ABOUT SPECIFICATION GLASS FILM: CARE BEFORE BUYING

In choosing window film, we often find film glass specifications that generally contain terms such as TSER (Total Solar Energy Rejection), IRR (Infrared Rejection), UVR (Ultraviolet Rejection), and Visible Light Transmission (VLT). Pay close attention to those terms before you buy window film.


VLT (VISIBLE LIGHT TRANSMITTANCE) OR LIGHTING OF LIGHT (TAMPAK)

One of the important things in window film is the amount of VLT (Visible Light Transmittance) or light transmission (visible). The magnitude of this VLT shows the amount of light entering into the cabin. If the smaller the value of VLT the more visible dark glass film. Consider also the effects of the darkness of your window film while driving while the heat and heavy rain.

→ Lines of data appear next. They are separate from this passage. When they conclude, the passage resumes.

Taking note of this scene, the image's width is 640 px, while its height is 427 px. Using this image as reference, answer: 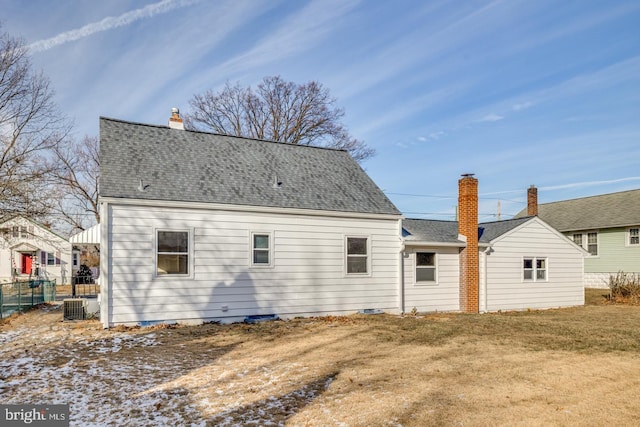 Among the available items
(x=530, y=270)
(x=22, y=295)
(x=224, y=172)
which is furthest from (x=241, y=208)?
(x=530, y=270)

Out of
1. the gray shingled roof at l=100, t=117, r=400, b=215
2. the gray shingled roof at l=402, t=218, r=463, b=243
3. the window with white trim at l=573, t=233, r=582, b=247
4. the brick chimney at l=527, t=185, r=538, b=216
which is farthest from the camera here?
the window with white trim at l=573, t=233, r=582, b=247

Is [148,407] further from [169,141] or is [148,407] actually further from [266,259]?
[169,141]

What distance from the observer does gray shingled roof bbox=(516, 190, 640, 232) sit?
28766mm

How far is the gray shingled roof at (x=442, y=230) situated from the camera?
16.4 metres

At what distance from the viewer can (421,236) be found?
16.4 m

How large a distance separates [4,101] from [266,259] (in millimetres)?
15297

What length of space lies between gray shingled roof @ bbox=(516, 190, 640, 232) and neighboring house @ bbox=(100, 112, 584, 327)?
13598 mm

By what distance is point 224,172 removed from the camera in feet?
47.1

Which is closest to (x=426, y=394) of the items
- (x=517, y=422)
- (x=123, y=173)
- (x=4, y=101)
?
(x=517, y=422)

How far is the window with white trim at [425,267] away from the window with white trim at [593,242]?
20331mm

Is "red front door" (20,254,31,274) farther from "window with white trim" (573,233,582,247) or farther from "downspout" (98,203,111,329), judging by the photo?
"window with white trim" (573,233,582,247)

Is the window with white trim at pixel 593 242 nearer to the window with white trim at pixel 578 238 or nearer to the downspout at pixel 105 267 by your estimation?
the window with white trim at pixel 578 238

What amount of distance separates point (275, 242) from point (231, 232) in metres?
1.42

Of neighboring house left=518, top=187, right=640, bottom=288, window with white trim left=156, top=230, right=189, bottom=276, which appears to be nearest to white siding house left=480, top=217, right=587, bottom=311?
neighboring house left=518, top=187, right=640, bottom=288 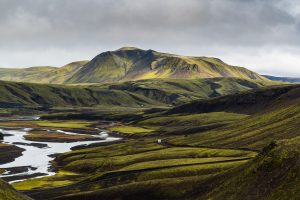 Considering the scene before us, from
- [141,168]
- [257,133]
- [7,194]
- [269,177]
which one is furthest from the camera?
[257,133]

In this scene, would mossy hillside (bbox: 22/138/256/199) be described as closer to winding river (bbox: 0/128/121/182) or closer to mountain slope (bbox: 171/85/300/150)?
winding river (bbox: 0/128/121/182)

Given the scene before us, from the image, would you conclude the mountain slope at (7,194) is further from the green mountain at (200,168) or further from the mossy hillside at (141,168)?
the mossy hillside at (141,168)

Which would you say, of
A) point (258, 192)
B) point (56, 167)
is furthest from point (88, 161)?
point (258, 192)

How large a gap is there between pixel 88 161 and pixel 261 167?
89.5 m

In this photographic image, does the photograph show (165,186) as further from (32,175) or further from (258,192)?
(32,175)

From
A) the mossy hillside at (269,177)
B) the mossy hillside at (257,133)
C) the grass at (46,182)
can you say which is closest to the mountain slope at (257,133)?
the mossy hillside at (257,133)

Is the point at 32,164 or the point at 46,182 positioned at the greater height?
the point at 46,182

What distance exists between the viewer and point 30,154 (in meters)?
181

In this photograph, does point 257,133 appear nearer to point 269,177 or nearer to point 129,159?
point 129,159

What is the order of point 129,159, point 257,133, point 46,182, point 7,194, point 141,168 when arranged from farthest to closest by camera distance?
point 257,133, point 129,159, point 141,168, point 46,182, point 7,194

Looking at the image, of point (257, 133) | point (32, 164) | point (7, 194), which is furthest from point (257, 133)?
point (7, 194)

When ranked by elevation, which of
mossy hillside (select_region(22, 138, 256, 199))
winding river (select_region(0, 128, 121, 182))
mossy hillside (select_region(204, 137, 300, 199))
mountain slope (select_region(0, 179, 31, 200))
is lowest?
winding river (select_region(0, 128, 121, 182))

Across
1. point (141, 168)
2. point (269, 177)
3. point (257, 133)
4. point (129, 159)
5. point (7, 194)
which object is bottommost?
point (129, 159)

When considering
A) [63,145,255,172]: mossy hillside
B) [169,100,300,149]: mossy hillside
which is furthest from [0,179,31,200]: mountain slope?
[169,100,300,149]: mossy hillside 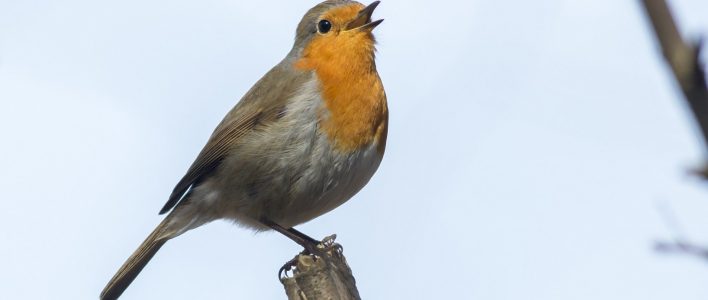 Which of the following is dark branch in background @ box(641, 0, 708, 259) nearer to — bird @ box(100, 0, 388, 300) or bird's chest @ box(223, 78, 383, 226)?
bird @ box(100, 0, 388, 300)

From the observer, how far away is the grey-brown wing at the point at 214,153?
6113mm

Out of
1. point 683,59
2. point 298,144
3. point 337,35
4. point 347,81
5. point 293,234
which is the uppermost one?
point 337,35

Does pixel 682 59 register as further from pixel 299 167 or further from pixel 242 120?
pixel 242 120

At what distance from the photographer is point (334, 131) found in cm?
550

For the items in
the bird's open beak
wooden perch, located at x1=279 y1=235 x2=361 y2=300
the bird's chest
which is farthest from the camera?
the bird's open beak

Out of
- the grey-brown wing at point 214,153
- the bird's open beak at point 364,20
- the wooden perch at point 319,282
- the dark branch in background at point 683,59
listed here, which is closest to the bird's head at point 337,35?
the bird's open beak at point 364,20

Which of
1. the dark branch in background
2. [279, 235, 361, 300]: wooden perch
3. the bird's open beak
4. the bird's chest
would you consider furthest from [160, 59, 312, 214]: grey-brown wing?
the dark branch in background

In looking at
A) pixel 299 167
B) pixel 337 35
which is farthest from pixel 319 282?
pixel 337 35

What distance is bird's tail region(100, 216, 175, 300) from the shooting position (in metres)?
6.29

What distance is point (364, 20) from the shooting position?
6.34 metres

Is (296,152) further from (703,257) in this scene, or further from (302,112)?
(703,257)

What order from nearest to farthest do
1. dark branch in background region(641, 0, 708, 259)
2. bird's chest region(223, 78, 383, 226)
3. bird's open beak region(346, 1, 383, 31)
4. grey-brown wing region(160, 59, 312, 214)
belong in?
dark branch in background region(641, 0, 708, 259), bird's chest region(223, 78, 383, 226), grey-brown wing region(160, 59, 312, 214), bird's open beak region(346, 1, 383, 31)

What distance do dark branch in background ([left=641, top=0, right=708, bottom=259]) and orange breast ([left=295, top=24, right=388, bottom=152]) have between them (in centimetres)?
474

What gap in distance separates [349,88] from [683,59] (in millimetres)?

So it is not wise to install a film glass that is too dark, maybe to drive in the daytime is not too felt, but this will require extra work of view while driving at night or heavy rains.

In the market, film glass consumers classify window films based on the level of darkness, which in turn is the exact opposite of the glass film specification data using VLT.


VLT 60% - 75%: Darkness of window film 20%

VLT 50% - 59%: Darkness of window film 30%

VLT 30% - 49%: Film glass darkness 40%

VLT 11% - 29%: Dark film glaze 60%

VLT 2% - 10%: Film glass darkness 80%


As for example VKOOL70 has a VLT of 70% which means 70% of visible light can penetrate window film. In the market, this film glass is said to have a 20% darkness. The greater the VLT number, the more clear the glass of the film.

For more than 20 years, V-KOOL 70 is the most widely used V-KOOL product, thanks to the high visibility of high visibility and maximum rejection of heat. V-KOOL 70 passes 70% visible light and rejects 94% of infra-red heat rays.


TOTAL SOLAR ENERGY REJECTION

Infrared rays represent about 53% of solar energy. The remaining energy from the sun comes from visible light of 44% and a small portion of ultraviolet light (3%). All of these 3 electromagnetic waves make up what is known as the solar spectrum and its combined energy is what we see when we use the terms total solar energy.

Total Solar Energy Rejected (TSER) is a metric that describes the total amount of solar energy (UV + visible light + IR) that is blocked, or rejected, through the window.

TSER is the percentage of total sunlight that is rejected by the window film. This is the main film glass specification that we must see in choosing a good window film in reducing solar heat. The TSER number is affected by VLT, Infrared Rejected, Ultraviolet Rejected, and other elements. Sunlight consists of 53% infrared rays, 44% visible light and 3% UV rays.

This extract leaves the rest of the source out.